“The art of progress is to preserve order amid change and to preserve change amid order.”
Alfred North Whitehead
Why won’t a given system set you free?
Because you can’t change it.
A system you can’t change is a prison. A man-made system you can’t change is a cult. The assumption is that the system was perfect when it was created. This is arrogance of the bad kind. (Yes, there is a good kind).
So there is, arguably, only one reason why the system won’t set you free: immutability.
As long as you can change the system, you at least have the opportunity for correction and improvement — for kaizen (改善) 1. Or even for all-out abandonment.
The system will set you free. But only if it’s somewhat mutable — only if it can be changed to fit you. And only if you’re willing to mutate it. Generally speaking, we can go further and faster in shoes 2, but only if the shoes fit, and only if you’re open to changing shoes (in the event that they don’t fit).
You’re not a loser just because you can’t or won’t do certain things I and other people suggest. AJATT is not a religion. Changing end goals is giving up. Changing means isn’t. And the system is always only a means, a tool.
Set your system free so it can set you free.
Notes:
- 仕事の改善ルール PHPハンドブックシリーズ ↩
- we’ll allow that Abebe Bikila and other old school runners from the highlands of East Africa collectively hock a gigantic loogie in the general direction of this assertion ↩
Haha I see what you did there.
Be like water, my friend 😉
Cheers,
Andrew
I think I finally get why I was feeling so burned out. My studying had turned into a rigid system: go do these reviews, go listen to Japanese music while coding and not other music, go to #AJATT Movie Night every Monday and Learn Japanese Through Music every Thursday (which was disappointing because I can’t use a mic so I was always left out of karaoke)… Everything had become “must do this, must do that”. Tofugu’s ebook says in one of the very first day-lessons that “should do” and “must do” are dangerous phrases, because you only have so many “willpower trees” per day, and gotta-dos use them up like a tree-punching Steve?.

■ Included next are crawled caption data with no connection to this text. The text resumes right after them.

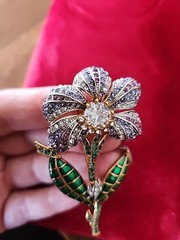 Metropolitan Museum of Art signed MMA.V&A.CN Flower Brooch Victoria & Albert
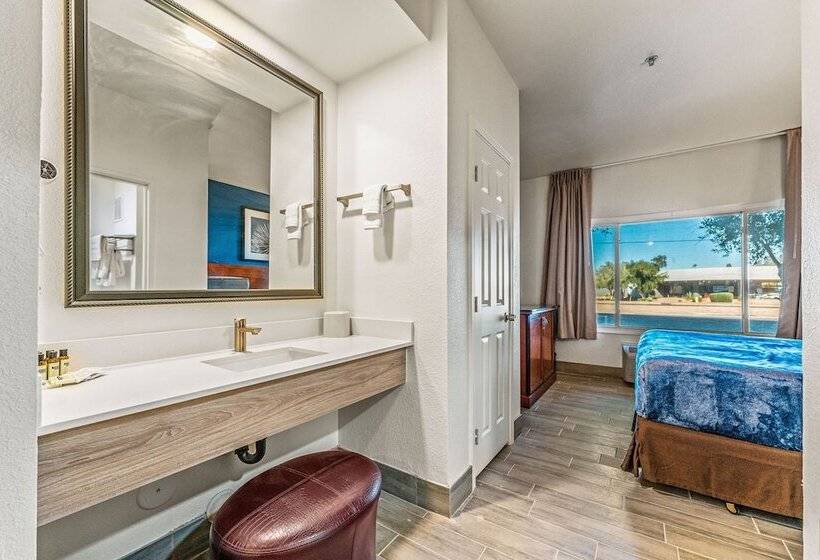 Metro Tempe Apartments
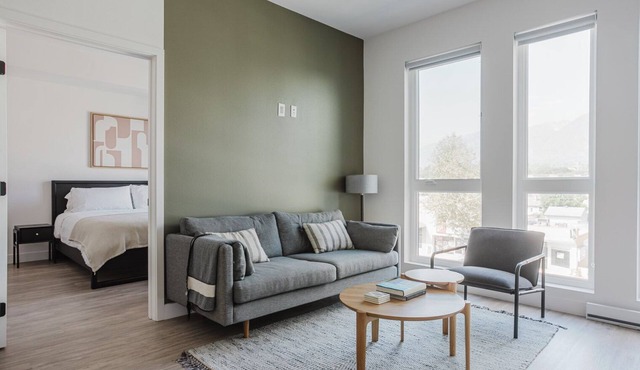 Stylish 1BR w/Gym & Elev, nr Dining & Parks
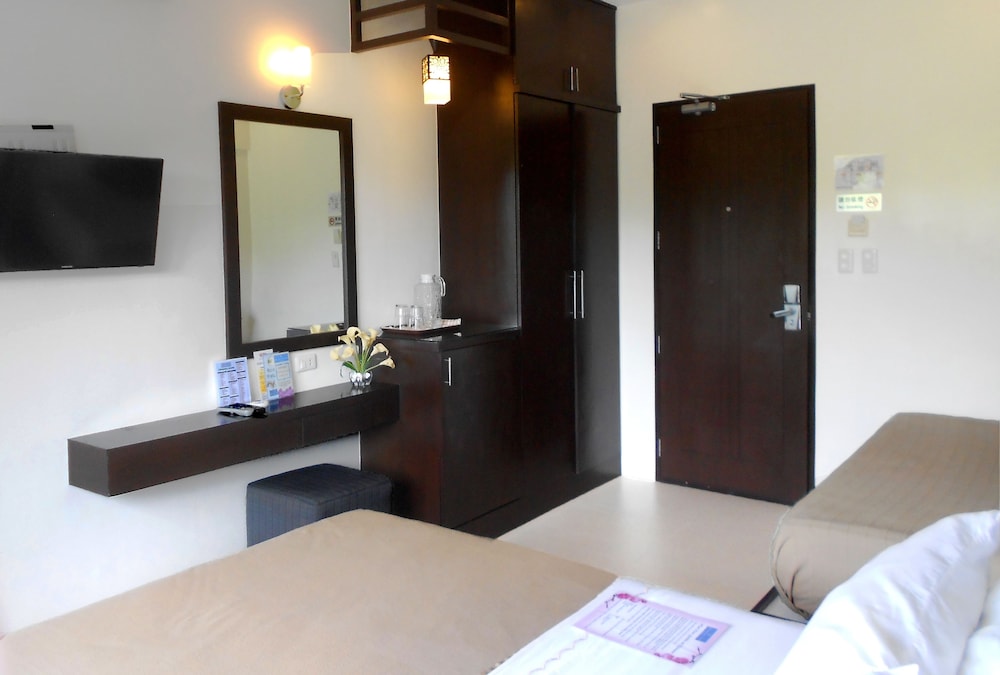 One Crescent Place Hotel 24/64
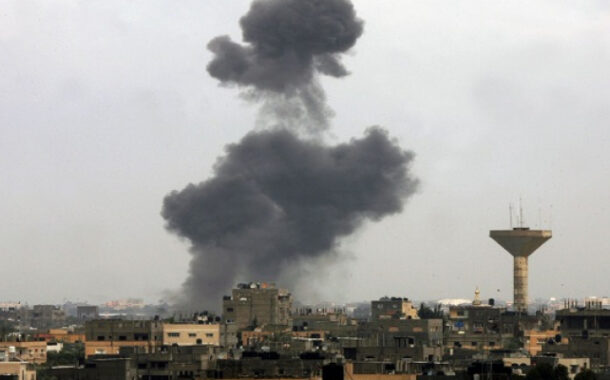 غارات جوية وقصف مدفعى إسرائيلى شرق غزة واستشهاد فلسطينى فى حى الزيتون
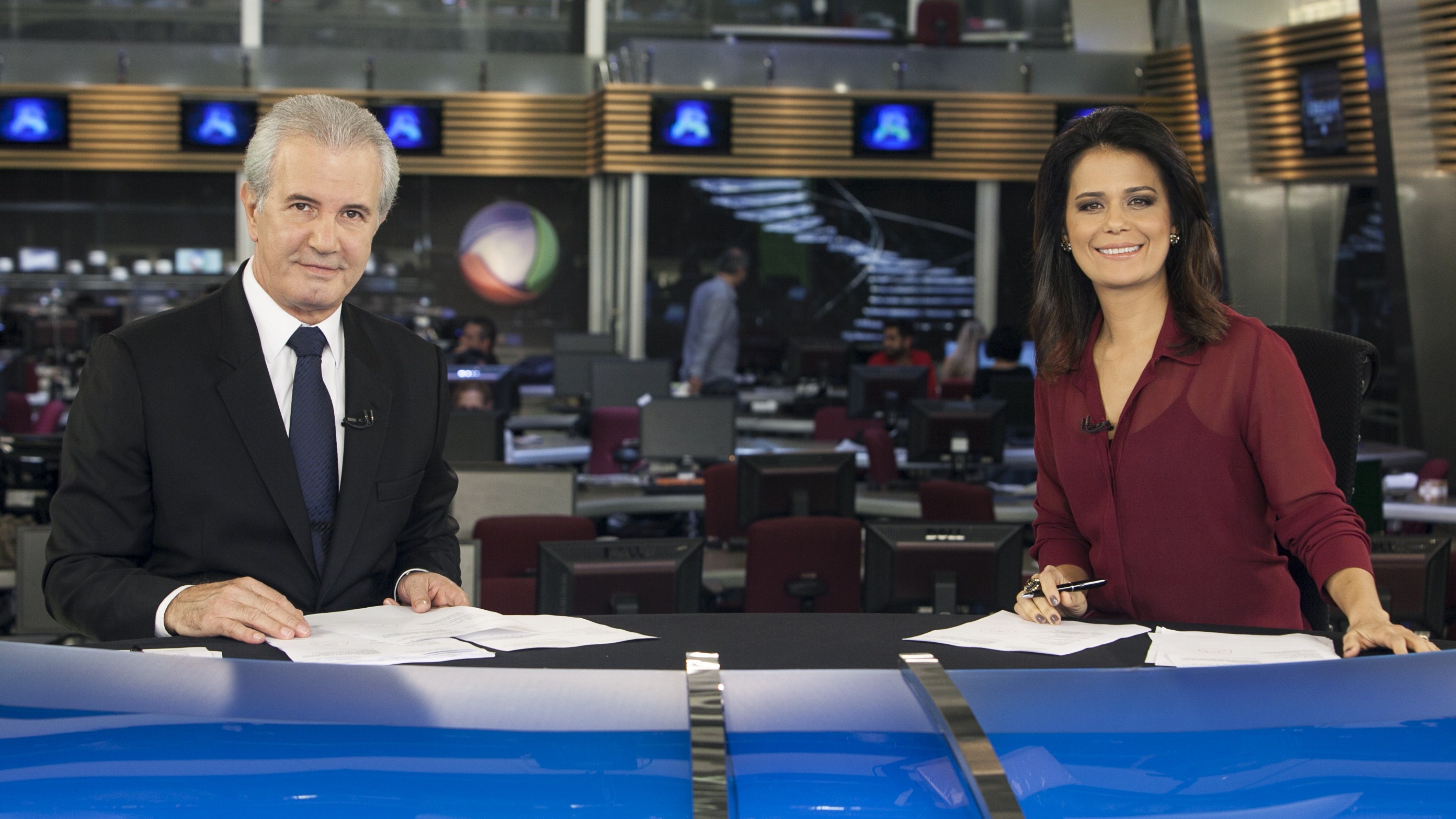 Jornal da Record não noticia referendo na Irlanda sobre união gay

So, I just let it all loose. The only “should do” now is “should do SOMETHING Japanese every day”, and the “what” is now “whatever the heck I feel like doing”. I still keep Anki and WaniKani at the top priority for “consider doing these first”, and anything else I just do if I feel like it.
(Also, I think the other thing Movie Night and LJTM were doing was making me feel bad about how much I suck at understanding spoken Japanese, and I know I need to get better, but I was looking too far up the echeladder when climbing the more reachable rungs will actually feel like progress instead of “bluh bluh 分かれない~!”.)
Nuance is hard to find, and harder to master.